Design and construction
- Architect: Anton Schmidt (eastern body)

= House with Iron Axle =

The House with Iron Axle (Casa cu Axă de Fier) is a historical house, listed as a historical monument, in the Cetate district of Timișoara. It consists of two bodies, a 2.5-meter axle being mounted on the corner of the eastern body, hence the name.
== History ==
During the Ottoman rule, the Bastion of the Artillery Arsenal was located in the northeastern part of the fortifications of the Timișoara Fortress. In the northwestern part of the bastion was the Round Tower, which was located exactly where the courtyard of the House with Iron Axle is today. After the conquest of the fortress in 1716 by the Habsburg army under the command of Eugene of Savoy this tower was still used as a powder keg until 1756, when it was demolished.

In 1831 the land was parceled out, and in 1836–1838 there were already the eastern body (part of the building with one floor) at 1 Ion I. C. Brătianu Square, built by architect Anton Schmidt, and the western one (part of the building with two floors) at 1 Țepeș Vodă Square.

Between 1863 and 1864, when there was a wave of famine, a canteen for the needy operated in this house, supported by religious organizations and financed by donations.

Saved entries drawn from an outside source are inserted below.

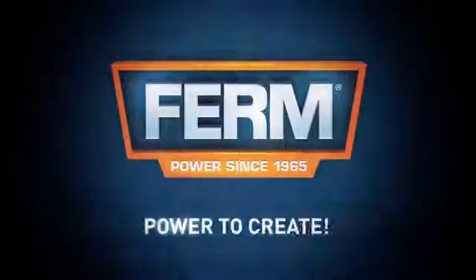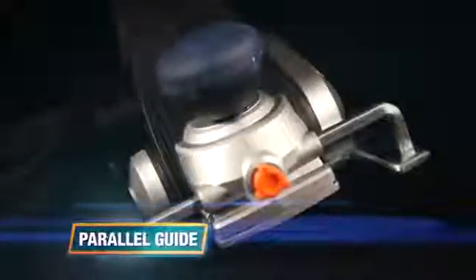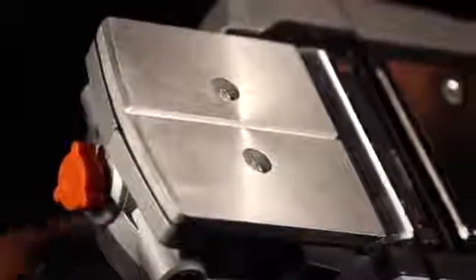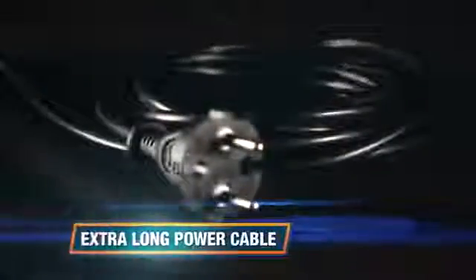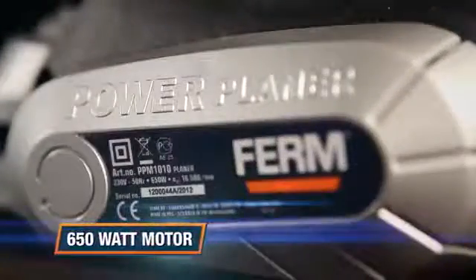The Firmpower PPM 1010 power planer features a parallel guide for improved precision, easy one-handed adjustable depth setting for precise chisel depth adjustment, reversible knives for double lifetime, an edging groove for trimming edges, and an extra-long power cable. The 650-watt motor with sixteen thousand five hundred rotations per minute ensures the job gets done.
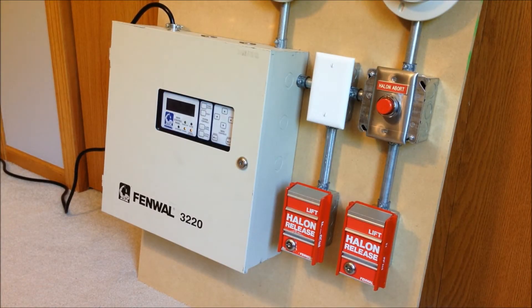Welcome to the introductory video for my brand new system, a Fenwal 3220 fire suppression system. This is a purely explanatory video — I'm putting out another video at the same time where I'll do a preliminary test of the system. Keep in mind that at no point during this video am I actually going to activate the system; I'm just going to do a detailed explanation of how it works.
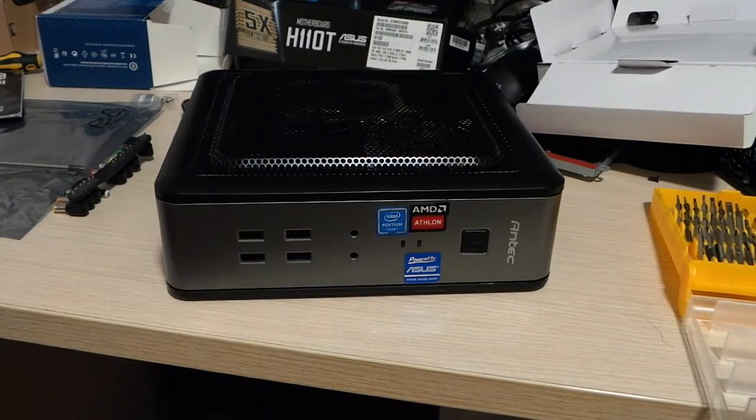There we go — the system has been completely installed. Now I'll need to set up the BIOS and install the operating system, but we have to stop here because we're reaching the 15-minute mark. We'll meet again in the next video. Like and subscribe if you enjoyed this video from the Frugal Tech Channel — have a nice day, bye guys!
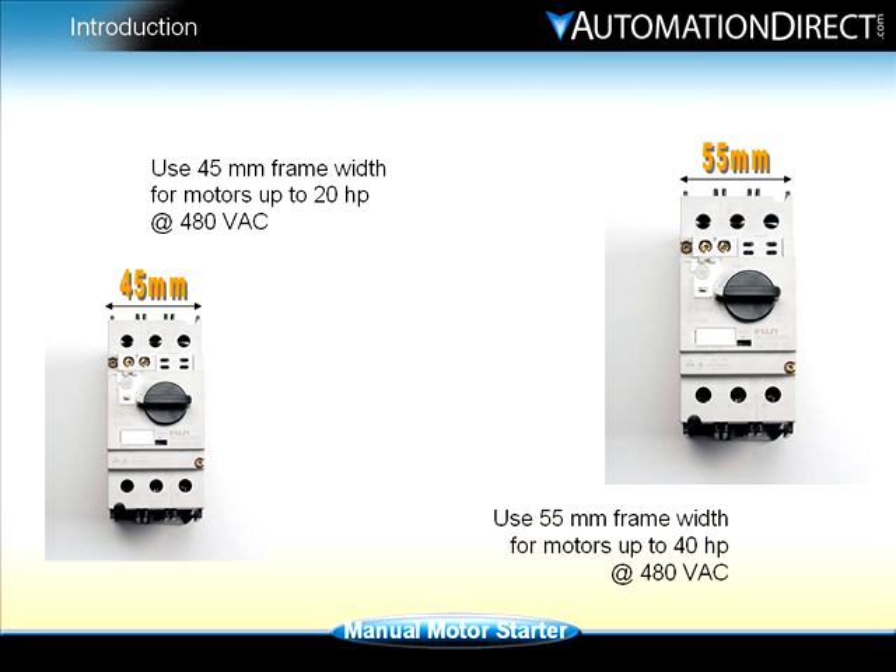The Fuji manual motor starter is available in 45 millimeter and 55 millimeter frame widths. The 45 millimeter frame is capable of controlling motors up to 20 horsepower at 480 volts, while the 55 millimeter frame can handle motors up to 40 horsepower.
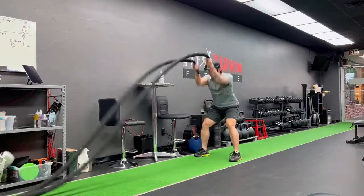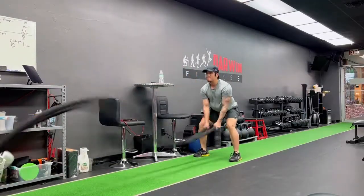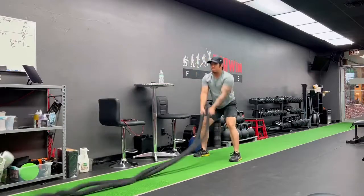Hey everyone, Dustin here. Today I'm doing battle rope exercises. Battle ropes are a great full body HIIT exercise.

The entire building was purchased by a company from Timișoara, which built a business center there in 2015.
== Architecture ==
Both bodies are in classicist style and have the ground floor treated as a plinth with bossages. Below the first-floor windows and below the cornice are neo-Romanesque rosettes. The windows are framed by pilasters with Corinthian capitals. Originally, the western body had triangular pediments of classicist style above the windows, but were abandoned during the 2015 restoration, the architect wanting a standardization of the appearance of the two bodies.

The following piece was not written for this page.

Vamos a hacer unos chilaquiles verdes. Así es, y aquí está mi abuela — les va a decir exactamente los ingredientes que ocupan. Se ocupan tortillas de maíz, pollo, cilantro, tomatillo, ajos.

A 2.5-meter-long axle is mounted on the corner of the eastern building, which legend says is the axle of the battle chariot with which Eugene of Savoy entered the fortress after its conquest, on 18 October 1716. But it is known that battle chariots were not used in 1716, and Eugene of Savoy entered the conquered fortress on horseback. The axle, too long for a chariot or carriage, is one from an early 19th century heavy artillery piece.